“Three things cannot be long hidden:
The sun, the moon, and the truth.”
— Buddha
Greetings from Luna — weather’s fine!
NASA just released 8,400 high-quality pictures of the Apollo moon missions, and they’re fantastic — including dozens of angles and perspectives we’ve never seen before.
In a way, a lot of them remind me of road trip photos I took during one particular epic journey to a renaissance festival in ‘02 — here are my friends checking the map, posing with ridiculous roadside attractions, checking the oil, setting up the tent at the campsite.
The camera that took some of those shots. Drooool.
Only this was pretty much the most epic road trip ever, and our road-tripping friends are shaving on the moon lander, setting up scientific equipment, making faces for the camera, looking out at Earthrise, adjusting the American flag, looking out towards the endless depths of space. I got to see some of the Hasselblads used to make these photos while at the Air & Space Museum Annex in Chantilly, Va., which was a pretty killer moment for this inveterate camera geek.
Your editor, checking things off the bucket list. Are space selfies > pope selfies?
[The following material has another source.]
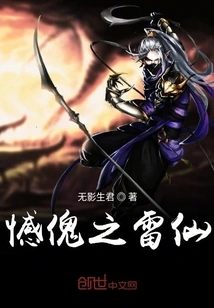 20th Century Practitioners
Let’s find out!
Seeing these Apollo photos, in all their road-trip realness, makes me incredibly excited for the exploration adventures to come.
Why? These photos are a wonderful reminder that when we go to space, we’re not bringing godlike heroes, morally spotless and propaganda-poster perfect. We’re bringing real people: joke-cracking, camera-mugging, smart, hopeful people. We’re not bringing robots; we’re bringing earthlings.
And it’s going to be a fantastic ride.